In addition to “m b v,” the band will reissue a series of EPs recorded between 1988 and 1991 as a compilation, along with “Loveless” and the 1988 album “Isn’t Anything,” all on vinyl. And “m b v” will join “Loveless” and “Isn’t Anything” on streaming services and online stores worldwide; the EPs won’t be digitally available in North America, as those rights are held by Warner. Shields said he’d also like to reissue the band’s earliest releases, recorded with the singer David Conway, once they can be properly remastered.

Right now, the band’s members are waiting to see when they can get together in person at Shields’s home studio — O’Ciosoig also lives in Ireland, while Butcher and Googe are in England — to begin recording. If that can’t happen, they’ll explore remote options. Shields said the first of the two albums will be “warm and melodic,” while the second will be more experimental — a stark evolution from what he called his otherwise “very traditional” writing process to date.
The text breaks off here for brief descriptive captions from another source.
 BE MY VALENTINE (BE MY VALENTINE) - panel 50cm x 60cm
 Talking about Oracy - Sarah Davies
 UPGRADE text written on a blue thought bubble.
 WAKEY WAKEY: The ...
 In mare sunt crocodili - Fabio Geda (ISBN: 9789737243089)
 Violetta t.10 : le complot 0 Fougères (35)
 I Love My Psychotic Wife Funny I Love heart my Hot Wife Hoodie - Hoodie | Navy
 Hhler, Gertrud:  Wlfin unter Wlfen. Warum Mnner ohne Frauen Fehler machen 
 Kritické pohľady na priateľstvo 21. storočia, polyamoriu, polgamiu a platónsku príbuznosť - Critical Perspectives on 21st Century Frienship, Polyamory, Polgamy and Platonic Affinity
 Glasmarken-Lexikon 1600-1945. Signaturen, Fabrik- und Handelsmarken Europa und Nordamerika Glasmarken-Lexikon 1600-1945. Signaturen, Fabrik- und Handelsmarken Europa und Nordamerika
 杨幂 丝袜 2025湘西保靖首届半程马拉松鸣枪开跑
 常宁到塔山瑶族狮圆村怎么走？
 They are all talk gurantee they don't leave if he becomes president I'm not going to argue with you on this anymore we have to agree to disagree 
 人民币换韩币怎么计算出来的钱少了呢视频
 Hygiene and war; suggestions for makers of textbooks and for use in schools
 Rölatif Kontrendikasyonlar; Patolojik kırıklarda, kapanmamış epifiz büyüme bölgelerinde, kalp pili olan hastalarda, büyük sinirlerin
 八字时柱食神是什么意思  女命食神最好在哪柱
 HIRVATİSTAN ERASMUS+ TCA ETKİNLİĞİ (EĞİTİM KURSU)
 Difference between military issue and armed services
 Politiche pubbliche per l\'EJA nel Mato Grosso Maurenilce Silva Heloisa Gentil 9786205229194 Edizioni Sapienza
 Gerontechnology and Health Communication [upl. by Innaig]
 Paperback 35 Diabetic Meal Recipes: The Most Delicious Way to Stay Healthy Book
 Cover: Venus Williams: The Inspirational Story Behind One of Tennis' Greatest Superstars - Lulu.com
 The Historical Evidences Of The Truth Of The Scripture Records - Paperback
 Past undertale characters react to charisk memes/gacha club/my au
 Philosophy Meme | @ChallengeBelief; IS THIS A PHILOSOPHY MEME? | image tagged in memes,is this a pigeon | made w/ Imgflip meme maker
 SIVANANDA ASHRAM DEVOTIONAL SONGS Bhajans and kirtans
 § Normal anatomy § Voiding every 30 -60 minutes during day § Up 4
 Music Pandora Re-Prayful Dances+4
“I’m not describing it properly on purpose,” he said, after a somewhat vague explanation. “I don’t want to give too much away because I could lay it out verbally, and then someone’s going to go, ‘That’s a really good idea.’” As for a timeline for release, he didn’t say. (“I think once I can get over to Ireland it will get done very quickly as my vocals are often the last thing to be recorded,” Butcher wrote. “They’ll probably be finished by the end of the year.”)

Despite the band’s scant digital presence, new generations have continued to find My Bloody Valentine; its live audiences skew younger, which Shields counted as a nice surprise in a world where artists are encouraged to overwhelm their fans with content. “There’s always going to be a certain kind of music fan that discovers things and checks it out,” he said. “When I meet young people, I’m like, ‘Oh, I have hope for the future.’ They seem bright, and they seem alive.”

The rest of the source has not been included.